EXERCISE BRIEF: Exactly the lines from the one with "Original Series Wheels" to the end of the listing must be repeated, both ends included, with nothing added.

EXCERPTED RECORDS:

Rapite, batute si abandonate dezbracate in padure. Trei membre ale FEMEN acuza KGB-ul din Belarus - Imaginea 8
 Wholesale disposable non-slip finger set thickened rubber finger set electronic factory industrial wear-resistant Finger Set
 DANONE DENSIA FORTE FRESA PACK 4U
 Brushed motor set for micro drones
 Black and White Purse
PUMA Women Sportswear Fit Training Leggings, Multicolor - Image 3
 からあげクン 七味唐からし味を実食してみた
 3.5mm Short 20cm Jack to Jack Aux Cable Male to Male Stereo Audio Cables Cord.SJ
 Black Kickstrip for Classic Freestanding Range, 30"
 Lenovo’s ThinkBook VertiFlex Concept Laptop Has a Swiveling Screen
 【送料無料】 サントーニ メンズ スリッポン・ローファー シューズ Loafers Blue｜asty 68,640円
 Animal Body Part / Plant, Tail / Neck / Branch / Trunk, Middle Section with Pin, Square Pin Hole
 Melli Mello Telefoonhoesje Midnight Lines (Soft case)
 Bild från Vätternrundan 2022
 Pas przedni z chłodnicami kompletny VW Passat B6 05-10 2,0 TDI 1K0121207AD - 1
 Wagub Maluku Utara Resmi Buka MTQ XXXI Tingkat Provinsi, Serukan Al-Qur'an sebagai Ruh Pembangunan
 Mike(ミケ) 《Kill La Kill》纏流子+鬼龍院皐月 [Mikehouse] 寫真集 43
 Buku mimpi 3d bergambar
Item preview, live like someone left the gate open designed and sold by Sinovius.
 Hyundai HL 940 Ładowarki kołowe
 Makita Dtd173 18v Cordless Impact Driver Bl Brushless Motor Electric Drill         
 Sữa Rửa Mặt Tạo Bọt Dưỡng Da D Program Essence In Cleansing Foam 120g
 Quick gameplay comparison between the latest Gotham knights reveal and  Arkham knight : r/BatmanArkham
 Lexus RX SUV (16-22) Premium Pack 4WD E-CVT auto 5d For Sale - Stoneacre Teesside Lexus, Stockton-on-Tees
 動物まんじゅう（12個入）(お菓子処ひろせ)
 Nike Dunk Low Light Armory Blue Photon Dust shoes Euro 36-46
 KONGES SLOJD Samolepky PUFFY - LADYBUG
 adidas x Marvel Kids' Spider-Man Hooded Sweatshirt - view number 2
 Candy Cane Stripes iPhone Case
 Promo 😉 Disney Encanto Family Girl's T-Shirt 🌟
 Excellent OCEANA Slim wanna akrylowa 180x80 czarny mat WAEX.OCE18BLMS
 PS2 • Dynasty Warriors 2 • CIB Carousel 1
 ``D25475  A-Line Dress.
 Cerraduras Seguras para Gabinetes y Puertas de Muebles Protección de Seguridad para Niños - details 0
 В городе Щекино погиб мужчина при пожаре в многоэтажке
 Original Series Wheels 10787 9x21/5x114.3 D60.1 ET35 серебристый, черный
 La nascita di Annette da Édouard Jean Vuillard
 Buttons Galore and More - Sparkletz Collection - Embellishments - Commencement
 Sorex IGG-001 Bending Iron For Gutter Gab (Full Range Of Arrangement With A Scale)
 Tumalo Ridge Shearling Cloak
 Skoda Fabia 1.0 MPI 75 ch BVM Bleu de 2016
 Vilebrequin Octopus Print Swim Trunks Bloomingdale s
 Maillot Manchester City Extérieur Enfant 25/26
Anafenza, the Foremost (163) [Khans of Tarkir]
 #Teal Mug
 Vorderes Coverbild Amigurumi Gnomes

FINISHED EXERCISE:
 Original Series Wheels 10787 9x21/5x114.3 D60.1 ET35 серебристый, черный
 La nascita di Annette da Édouard Jean Vuillard
 Buttons Galore and More - Sparkletz Collection - Embellishments - Commencement
 Sorex IGG-001 Bending Iron For Gutter Gab (Full Range Of Arrangement With A Scale)
 Tumalo Ridge Shearling Cloak
 Skoda Fabia 1.0 MPI 75 ch BVM Bleu de 2016
 Vilebrequin Octopus Print Swim Trunks Bloomingdale s
 Maillot Manchester City Extérieur Enfant 25/26
Anafenza, the Foremost (163) [Khans of Tarkir]
 #Teal Mug
 Vorderes Coverbild Amigurumi Gnomes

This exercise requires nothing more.